A Revolução dita de 25 de Outubro, no calendário juliano em vigor na Rússia pré-revolucionária, ocorreu em 7 de Novembro de 1917, segundo o calendário atual, dito gregoriano. Foi muito mais do que um levante, como ocorreram inúmeras vezes na história, levando à troca dos governantes e a alterações sócio-econômicas eventualmente importantes, mas que não alteravam o regime de propriedade e de bloco de classes no poder. Em 25 de Outubro de 1917 o mundo mudou de face. Surgia algo novo, a promessa da futura sociedade socialista, em que a propriedade privada dos meios de produção seria substituída pela propriedade coletiva, com o desaparecimento das classes sociais – a estrutura social vigente por mais de cinco mil anos, sob formas de escravidão, feudalismo, capitalismo e suas combinações e variantes, mas sempre caracterizadas pela subordinação social ligada à distribuição desigual da propriedade, base material da sociedade de classes.

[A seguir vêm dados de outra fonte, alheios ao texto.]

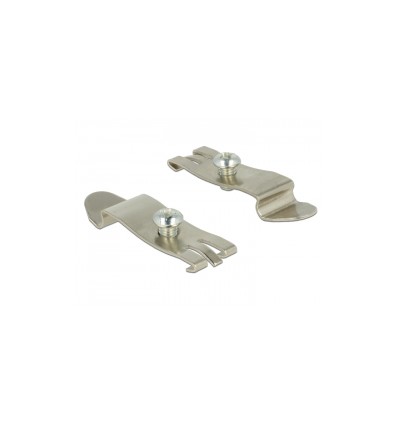 Delock Desktop Patch Panel Mounting for DIN rail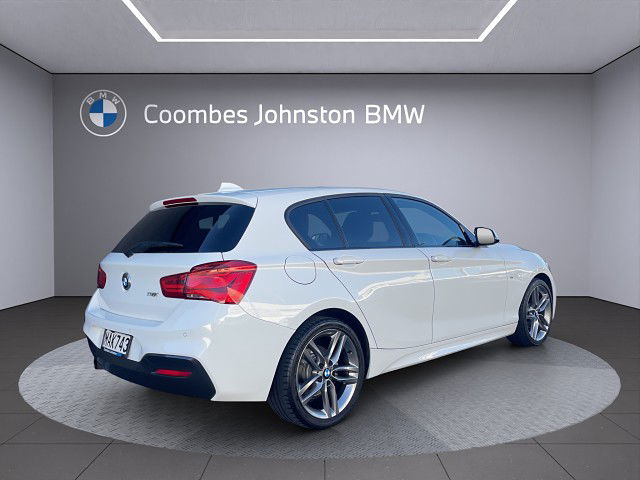 2019 BMW 118i Hatch M-Sport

A morte de Lenin em 1924 e a expulsão de Trotski do Partido bolchevique em 1927, marcam o começo de um processo tenebroso de contra-revolução, que levou a inúmeras derrotas do movimento revolucionário, até a formalização do retorno da então União Soviética ao capitalismo, em 1989, formalizado por um curto discurso do Primeiro Ministro de então, Gorbatchev. Há bons livros de história a respeito e não pretendo repeti-los ou completá-los. Escolhi abordar um espaço temporal ou um evento determinado e explorar as hipóteses e opiniões a respeito, procurando destacar acontecimentos que evocam de alguma forma, a situação brasileira atual ou próxima. Também utilizarei, se oportuno, a clássica comparação entre as duas grandes revoluções, a francesa de 1789 e a russa, de 1917. A tomada do poder e as primeiras medidas dos novos governantes não serão tratadas aqui, mas me concentrarei nos desenvolvimentos políticos preparatórios e que se deram entre Março e Outubro de 1917. Pretendo estudar separadamente os eventos posteriores, notadamente o papel da guerra e da capitulação germânica em 1919 e colocar assim a Revolução de Outubro no contexto internacional que se seguiu.

Não se trata também de seguir um caminho de estrito determinismo, em que o que ocorreu no passado deva obrigatoriamente se repetir. Destaco as eventuais semelhanças entre os eventos políticos ocorridos e/ou a relação de forças entre as classes em disputa, com futuros desenvolvimentos iguais até um certo ponto e diversos a médio e longo prazo. Começo com as “Teses de Abril” de Lenin, escritas algumas semanas após a Revolução de Fevereiro, que levou uma representação burguesa a substituir, com vacilações, a autocracia feudal tsarista. Outros pontos nevrálgicos seguirão.